When she does, she is told that they are too harrowing to be authentic. Repeatedly and on various levels, her voice is stifled. 

Her status as a refugee and as a Muslim woman who takes no pains to sugarcoat her thoughts on contentious issues (an example being the question of who may lay claim to Islam), only further narrows the margins within which she is allowed to express herself in ways acceptable to readers who “aren’t interested in the truth so much as the narrative”.

The expectations set for real-world writers of similar heritage - namely, to serve as spokespersons for their culture and to refrain from negative appraisals of any of its facets in order to not bolster racist stereotypes - come to mind.

Silence is a Sense is a fearless novel that engages with topical issues head-on. The narrator’s refusal to participate in her community and her retreat into herself are artfully mirrored in the form of the novel and its quasi-claustrophobic quality. 
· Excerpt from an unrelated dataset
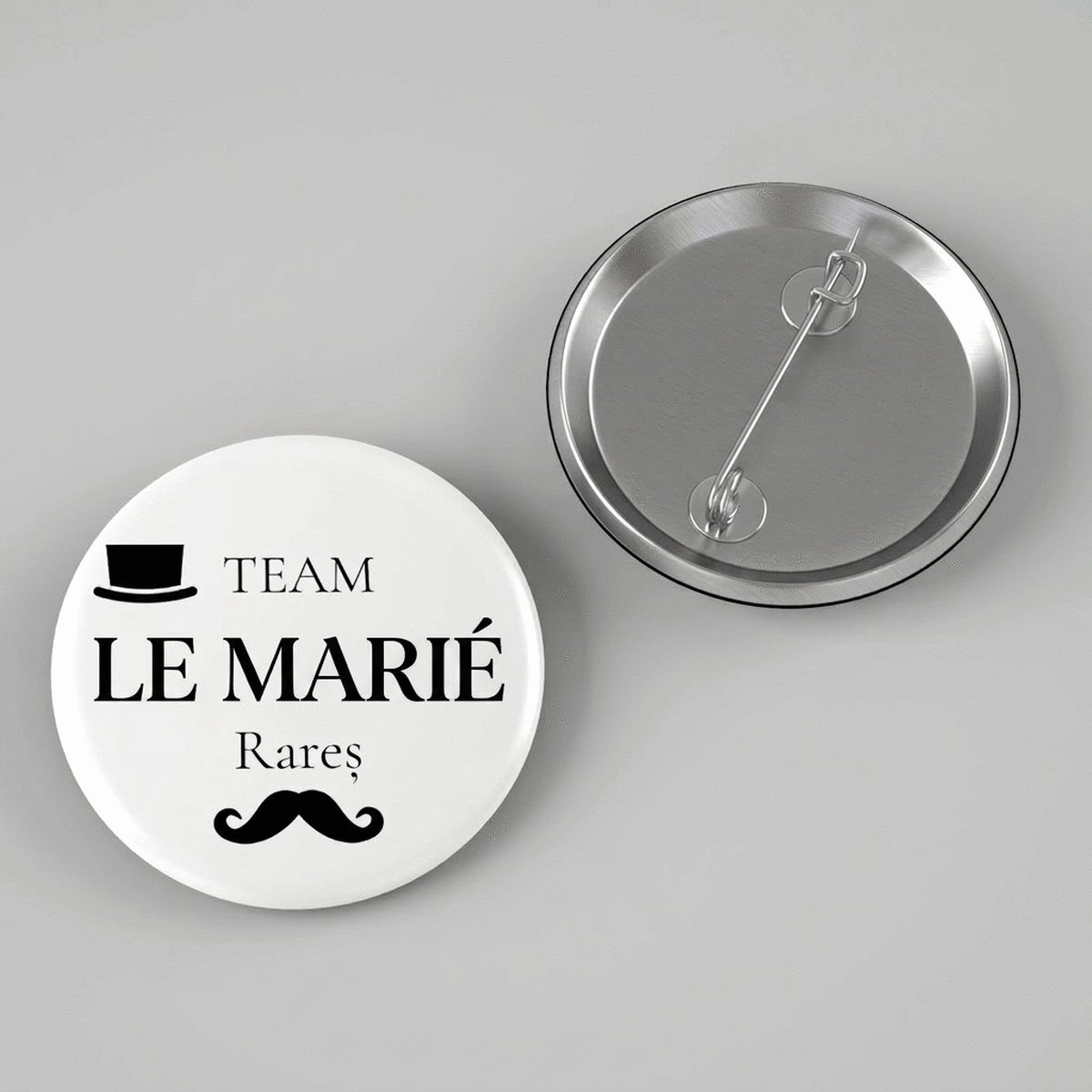 Badge personnalisé avec inscription - Mariage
We spend more time within her head than outside of it, either in action or dialogue. The result is a profound plunge into the territory of trauma, expertly mapped by an author who knows that there is comfort to be found in pessimism, in the false sense of safety that negativity provides because it offers the illusion of being ready for the worst.

This proves ultimately deceptive, as the narrator learns when confronted with a series of events that call on her to use her voice, among which is a vicious attack on a mosque by a perpetrator whose identity only she is privy to. The price of silence is high, and she will have to decide whether it is worth the weight of guilt on her conscience.  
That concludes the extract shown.